Mrs. Ochterlony, whose mind just then was specially occupied by Hugh, was naturally disturbed by this speech. She put out the flickering candle, and set down her own light, and closed the door. “I cannot let you speak so about your brother, Will,” she said. “He may not be so quick as you are for your age, but I wish you were as modest and as kind as Hugh is. Why should you grudge his advancement? I used to think you would get the better of this feeling when you ceased to be a child.”

“Of what feeling?” cried Will, lifting his pale face from his knees.

“My dear boy, you ought to know,” said Mary; “this grudge that any one should have a pleasure or an advantage which you have not. A child may be excused, but no man who thinks so continually of himself – ”

“I was not thinking of myself,” said Will, springing up from the floor with a flush on his face. “You will always make a moral affair of it, mother. As if one could not discuss a thing. But I know that Hugh is not clever, though he is the eldest. Let him have Earlston if he likes, but why should he have Oxford? And why should it always be supposed that he is better, and a different kind of clay?”

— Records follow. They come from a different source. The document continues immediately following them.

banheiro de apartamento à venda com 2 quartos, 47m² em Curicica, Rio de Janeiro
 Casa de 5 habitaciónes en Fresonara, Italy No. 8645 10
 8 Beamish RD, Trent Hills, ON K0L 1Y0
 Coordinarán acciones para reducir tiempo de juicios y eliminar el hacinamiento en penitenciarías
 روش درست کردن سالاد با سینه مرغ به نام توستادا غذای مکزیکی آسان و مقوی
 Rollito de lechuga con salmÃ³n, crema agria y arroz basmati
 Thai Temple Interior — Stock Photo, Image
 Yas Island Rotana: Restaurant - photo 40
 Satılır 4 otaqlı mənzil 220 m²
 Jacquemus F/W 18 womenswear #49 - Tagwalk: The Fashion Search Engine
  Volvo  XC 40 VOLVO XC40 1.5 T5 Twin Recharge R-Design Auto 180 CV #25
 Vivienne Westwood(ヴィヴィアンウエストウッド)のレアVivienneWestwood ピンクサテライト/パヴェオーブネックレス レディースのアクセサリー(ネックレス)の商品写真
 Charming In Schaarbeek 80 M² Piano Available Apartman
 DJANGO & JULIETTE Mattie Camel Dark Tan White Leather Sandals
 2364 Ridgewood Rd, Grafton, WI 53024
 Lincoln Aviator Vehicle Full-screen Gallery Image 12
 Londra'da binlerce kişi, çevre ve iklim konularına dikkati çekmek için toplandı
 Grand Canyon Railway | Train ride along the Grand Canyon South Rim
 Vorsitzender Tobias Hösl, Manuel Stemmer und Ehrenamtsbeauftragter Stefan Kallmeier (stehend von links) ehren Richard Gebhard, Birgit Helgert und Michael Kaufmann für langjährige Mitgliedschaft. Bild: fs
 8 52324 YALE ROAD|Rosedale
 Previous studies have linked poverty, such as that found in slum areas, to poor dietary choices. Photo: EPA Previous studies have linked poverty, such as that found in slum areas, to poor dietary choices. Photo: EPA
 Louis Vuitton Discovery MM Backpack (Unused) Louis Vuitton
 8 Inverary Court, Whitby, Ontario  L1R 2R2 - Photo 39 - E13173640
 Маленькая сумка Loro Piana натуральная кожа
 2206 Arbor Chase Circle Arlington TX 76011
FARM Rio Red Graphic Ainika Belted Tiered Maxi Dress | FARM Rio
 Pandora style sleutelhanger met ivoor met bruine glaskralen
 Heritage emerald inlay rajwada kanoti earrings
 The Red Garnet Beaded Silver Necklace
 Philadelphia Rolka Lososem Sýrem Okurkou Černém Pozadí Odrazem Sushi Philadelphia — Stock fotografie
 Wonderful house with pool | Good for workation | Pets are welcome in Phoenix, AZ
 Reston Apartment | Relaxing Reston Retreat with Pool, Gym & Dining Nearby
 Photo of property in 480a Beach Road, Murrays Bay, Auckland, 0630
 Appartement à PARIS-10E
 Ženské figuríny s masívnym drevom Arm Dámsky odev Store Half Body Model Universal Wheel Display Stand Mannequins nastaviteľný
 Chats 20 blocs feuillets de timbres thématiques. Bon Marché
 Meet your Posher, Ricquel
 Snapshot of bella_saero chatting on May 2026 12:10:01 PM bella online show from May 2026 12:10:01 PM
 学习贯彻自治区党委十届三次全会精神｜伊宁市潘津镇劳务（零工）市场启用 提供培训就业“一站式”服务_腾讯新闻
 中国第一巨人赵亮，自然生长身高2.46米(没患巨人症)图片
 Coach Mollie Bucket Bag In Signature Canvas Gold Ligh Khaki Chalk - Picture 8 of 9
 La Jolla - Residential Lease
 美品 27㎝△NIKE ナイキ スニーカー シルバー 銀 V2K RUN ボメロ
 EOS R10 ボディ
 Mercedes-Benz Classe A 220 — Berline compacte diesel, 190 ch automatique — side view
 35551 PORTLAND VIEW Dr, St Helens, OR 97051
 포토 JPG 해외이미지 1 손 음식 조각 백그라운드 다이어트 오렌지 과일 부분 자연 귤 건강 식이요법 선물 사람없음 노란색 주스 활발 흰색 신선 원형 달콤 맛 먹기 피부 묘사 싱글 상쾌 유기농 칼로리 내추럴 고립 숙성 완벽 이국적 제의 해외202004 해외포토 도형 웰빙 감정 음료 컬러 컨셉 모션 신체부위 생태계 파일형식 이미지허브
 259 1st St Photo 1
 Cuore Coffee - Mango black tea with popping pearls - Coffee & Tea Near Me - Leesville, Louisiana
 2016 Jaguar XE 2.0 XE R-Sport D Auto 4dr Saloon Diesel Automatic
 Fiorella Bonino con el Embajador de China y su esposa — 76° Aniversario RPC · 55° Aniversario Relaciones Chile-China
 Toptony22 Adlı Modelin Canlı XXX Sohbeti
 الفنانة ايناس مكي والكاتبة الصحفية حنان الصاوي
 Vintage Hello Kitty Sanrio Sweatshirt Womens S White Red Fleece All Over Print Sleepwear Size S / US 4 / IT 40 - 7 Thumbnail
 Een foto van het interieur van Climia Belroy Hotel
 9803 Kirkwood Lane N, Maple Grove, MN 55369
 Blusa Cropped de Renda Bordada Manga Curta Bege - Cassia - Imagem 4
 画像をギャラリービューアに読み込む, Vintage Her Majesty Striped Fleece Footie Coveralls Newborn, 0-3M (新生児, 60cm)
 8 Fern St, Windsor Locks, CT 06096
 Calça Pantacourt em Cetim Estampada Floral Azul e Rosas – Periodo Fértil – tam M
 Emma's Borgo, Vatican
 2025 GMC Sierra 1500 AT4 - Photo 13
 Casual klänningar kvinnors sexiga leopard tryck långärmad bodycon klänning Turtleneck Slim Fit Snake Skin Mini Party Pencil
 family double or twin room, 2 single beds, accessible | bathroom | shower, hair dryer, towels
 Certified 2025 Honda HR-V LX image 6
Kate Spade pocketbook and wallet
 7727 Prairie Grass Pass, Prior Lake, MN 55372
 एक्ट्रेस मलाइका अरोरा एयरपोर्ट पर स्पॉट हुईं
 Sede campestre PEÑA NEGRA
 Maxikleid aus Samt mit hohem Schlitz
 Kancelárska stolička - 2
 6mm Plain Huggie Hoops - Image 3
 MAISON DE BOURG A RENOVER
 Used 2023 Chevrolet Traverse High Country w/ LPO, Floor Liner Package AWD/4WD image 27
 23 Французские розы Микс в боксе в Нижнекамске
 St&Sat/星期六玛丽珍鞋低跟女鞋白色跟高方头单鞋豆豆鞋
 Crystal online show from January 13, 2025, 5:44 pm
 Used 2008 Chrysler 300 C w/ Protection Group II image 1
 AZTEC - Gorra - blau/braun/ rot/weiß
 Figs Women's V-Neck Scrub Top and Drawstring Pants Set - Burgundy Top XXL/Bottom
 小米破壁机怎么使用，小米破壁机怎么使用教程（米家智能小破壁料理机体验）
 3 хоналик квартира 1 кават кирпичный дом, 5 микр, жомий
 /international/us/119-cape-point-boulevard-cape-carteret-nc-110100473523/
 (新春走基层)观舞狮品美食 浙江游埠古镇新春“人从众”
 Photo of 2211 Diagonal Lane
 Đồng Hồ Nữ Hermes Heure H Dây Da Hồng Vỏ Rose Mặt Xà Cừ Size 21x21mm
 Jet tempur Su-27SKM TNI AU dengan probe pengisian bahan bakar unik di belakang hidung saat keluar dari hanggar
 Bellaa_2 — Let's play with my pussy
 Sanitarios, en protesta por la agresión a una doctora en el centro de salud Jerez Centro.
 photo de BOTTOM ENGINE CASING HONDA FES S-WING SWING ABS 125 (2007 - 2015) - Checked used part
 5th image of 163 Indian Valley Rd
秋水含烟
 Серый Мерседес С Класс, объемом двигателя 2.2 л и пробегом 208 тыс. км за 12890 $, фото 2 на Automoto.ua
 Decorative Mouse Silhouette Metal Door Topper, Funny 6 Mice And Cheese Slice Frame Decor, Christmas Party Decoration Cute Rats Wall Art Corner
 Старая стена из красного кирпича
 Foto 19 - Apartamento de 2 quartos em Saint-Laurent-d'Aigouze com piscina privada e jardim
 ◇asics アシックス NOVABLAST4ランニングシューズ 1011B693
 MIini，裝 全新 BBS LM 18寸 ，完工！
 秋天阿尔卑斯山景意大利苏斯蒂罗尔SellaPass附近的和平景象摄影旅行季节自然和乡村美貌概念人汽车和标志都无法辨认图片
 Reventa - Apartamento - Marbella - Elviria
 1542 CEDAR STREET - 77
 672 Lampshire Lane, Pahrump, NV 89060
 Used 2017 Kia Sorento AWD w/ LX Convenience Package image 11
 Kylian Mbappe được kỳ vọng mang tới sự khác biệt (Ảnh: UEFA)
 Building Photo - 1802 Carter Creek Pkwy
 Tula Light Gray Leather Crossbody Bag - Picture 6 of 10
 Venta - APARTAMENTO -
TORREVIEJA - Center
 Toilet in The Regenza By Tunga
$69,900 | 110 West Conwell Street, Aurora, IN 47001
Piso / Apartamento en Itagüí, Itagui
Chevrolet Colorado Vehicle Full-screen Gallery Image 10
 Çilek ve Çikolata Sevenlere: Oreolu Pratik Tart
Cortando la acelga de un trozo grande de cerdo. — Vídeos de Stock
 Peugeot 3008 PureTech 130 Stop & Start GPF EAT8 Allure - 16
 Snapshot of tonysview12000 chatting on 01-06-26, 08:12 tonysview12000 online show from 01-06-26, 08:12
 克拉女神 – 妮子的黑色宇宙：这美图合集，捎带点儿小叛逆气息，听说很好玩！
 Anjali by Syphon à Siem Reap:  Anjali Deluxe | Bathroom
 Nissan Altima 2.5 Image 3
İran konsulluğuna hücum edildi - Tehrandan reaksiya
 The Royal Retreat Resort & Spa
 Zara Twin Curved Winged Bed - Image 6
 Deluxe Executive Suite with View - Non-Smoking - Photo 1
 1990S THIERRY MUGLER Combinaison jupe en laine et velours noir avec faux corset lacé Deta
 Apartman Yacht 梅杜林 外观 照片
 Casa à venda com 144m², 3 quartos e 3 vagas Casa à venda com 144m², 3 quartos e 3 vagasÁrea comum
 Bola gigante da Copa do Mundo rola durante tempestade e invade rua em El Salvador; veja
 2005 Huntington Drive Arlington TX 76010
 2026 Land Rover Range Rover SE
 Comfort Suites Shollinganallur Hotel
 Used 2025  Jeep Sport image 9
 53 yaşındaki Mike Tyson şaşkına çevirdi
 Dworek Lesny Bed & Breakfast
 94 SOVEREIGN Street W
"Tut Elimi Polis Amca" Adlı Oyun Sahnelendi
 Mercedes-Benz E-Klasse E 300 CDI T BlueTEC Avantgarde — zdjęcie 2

“I wonder where you learned all that, Will,” said Mary, with a smile. “One would think you had picked up some Radical or other. I might be vexed to see Lady Balderston walk out of the room before me, if it was because she pretended to be a better woman; but when it is only because she is Lady Balderston, what does it matter? Hugh can’t help being the eldest: if you had been the eldest – ”

“Ah!” said Will, with a long breath; “if I had been the eldest – ” And then he stopped short.

“What would you have done?” said Mrs. Ochterlony, smiling still.

“I would have done what Hugh will never do,” cried the boy. “I would have taken care of everybody. I would have found out what they were fit for, and put them in the right way. The one that had brains should have been cultivated – done something else. There should have been no such mistake as – But that is always how it is in the world – everybody says so,” said Wilfrid; “stupid people who know nothing about it are set at the head, and those who could manage – ”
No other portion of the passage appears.